First Impression, Gotham

David and I sat down and watched Gotham the other night. I have seen a lot of reviews out and so far the reactions seemed to be mixed. From my perspective I was not quite sure what I was getting into with a prequel to the Batman era so I was definitely open to what they were going to show. Now initial impression is that I enjoyed the first episode and am definitely willing to watch more. I think there were some good and bad things about the setup in the pilot. One thing that I found odd was it felt like they were trying to introduce all of the characters that we would recognize in the first episode, which came across a little off to me in terms of the story. The part that I thought was good is that they started with the murder of Bruce Wayne’s parents, Thomas and Martha. That is such a well known case to start on that it makes sense and then we hopefully get to see the ripple effect from there.

Too Many Characters

It is funny to talk about a comic book type show having too many characters, but when you introduce them all in the first episode you wonder where you are going to go. I think they basically introduced every character that the audience was already aware of in the first episode. Now they were only glimpses of the characters, but some of the reasoning for some of the characters seemed a bit contrived. At times it felt like things happened specifically to be able to show a glimpse of all the characters.
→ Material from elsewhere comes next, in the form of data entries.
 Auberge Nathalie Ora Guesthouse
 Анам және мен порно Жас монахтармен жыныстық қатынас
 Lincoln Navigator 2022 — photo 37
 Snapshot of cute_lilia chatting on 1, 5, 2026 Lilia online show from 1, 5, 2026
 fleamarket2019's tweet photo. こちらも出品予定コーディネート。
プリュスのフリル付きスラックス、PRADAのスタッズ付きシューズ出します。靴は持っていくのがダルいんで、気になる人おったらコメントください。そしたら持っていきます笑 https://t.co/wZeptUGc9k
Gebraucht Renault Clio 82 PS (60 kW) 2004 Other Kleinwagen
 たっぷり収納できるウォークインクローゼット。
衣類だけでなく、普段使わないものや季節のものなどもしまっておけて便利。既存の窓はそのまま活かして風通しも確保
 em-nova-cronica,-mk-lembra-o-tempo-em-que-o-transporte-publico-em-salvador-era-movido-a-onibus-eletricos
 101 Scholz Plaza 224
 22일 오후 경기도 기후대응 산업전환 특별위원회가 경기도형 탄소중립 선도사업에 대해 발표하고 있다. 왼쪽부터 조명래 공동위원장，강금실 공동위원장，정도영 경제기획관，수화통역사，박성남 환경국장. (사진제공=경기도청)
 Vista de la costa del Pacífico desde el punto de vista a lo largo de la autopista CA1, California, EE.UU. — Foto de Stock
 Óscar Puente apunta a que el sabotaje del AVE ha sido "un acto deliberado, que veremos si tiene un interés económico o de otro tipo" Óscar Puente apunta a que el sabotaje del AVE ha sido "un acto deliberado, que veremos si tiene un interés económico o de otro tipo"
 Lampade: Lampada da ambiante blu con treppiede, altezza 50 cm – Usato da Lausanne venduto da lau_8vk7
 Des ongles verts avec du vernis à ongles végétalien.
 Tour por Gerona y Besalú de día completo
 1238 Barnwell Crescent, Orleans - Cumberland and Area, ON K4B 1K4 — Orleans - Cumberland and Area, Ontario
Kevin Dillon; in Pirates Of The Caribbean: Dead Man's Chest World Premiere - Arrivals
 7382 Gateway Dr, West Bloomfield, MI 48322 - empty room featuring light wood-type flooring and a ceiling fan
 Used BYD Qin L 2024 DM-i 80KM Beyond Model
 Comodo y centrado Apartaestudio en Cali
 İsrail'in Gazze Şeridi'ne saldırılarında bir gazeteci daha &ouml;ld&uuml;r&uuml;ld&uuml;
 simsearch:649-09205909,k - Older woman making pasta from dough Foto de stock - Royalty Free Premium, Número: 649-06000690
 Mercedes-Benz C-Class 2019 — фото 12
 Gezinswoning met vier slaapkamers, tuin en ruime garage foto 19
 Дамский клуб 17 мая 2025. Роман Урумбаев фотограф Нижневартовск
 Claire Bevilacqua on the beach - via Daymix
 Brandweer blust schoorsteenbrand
The thing this episode could have been is a good introduction to maybe one of the villains, but it ended up being a hodgepodge and a few stood out, but not enough.

James Gordon

Now the thing the first episode did well is that it introduced James Gordon and the type of man he is going to be. We know that he is a vet and his dad was a district attorney. One of the biggest things that I noted is that James is not quick to kill. He has plenty of opportunities to shoot a criminal who is running from him and tries to run him down instead. There is a chance in the precinct where a man tries to hold a cop hostage and everyone else has an itchy trigger finger, James gets the gun away without taking a shot. The other cops are almost disappointed that they did not get to kill someone. James Gordon is obviously an honest man in a den of thieves and that is a dangerous place to be standing.

The First Crime

The crime that Gotham starts off with is the obvious one, which is good. The killing of Thomas and Martha Wayne parents to Bruce Wayne. For one thing it is good to get this crime out of the way because we all know it is coming, so let’s just get it over with. This worked as a great introduction because it is a high profile case and we kind of get to see how various people deal with the news. Initially James’ partner does not want the case, but since he is already talking to the witness, it sort of forces them to take it. We quickly find out that this was not a typical mugging and that there is more going on to this case. This case does do a great job of introducing us to the seedier side of Gotham and how that might be playing out as time goes on.

Conclusion

As I mentioned before David and I will definitely keep watching. One thing that I liked from a cinematic perspective is how they showed Selina Kyle throughout the episode. She was often shown seeing, but not being seen, which I think fits her character beautifully. She is almost used, at times, as a transition between locations because obviously the thief gets around. I really hope that after this initial glut of character glimpses we get to spend some time really focusing on individual characters, with their own motivations and desires and not keep shoving them all together. The great part about the various characters from Batman is their personalities and how those play out.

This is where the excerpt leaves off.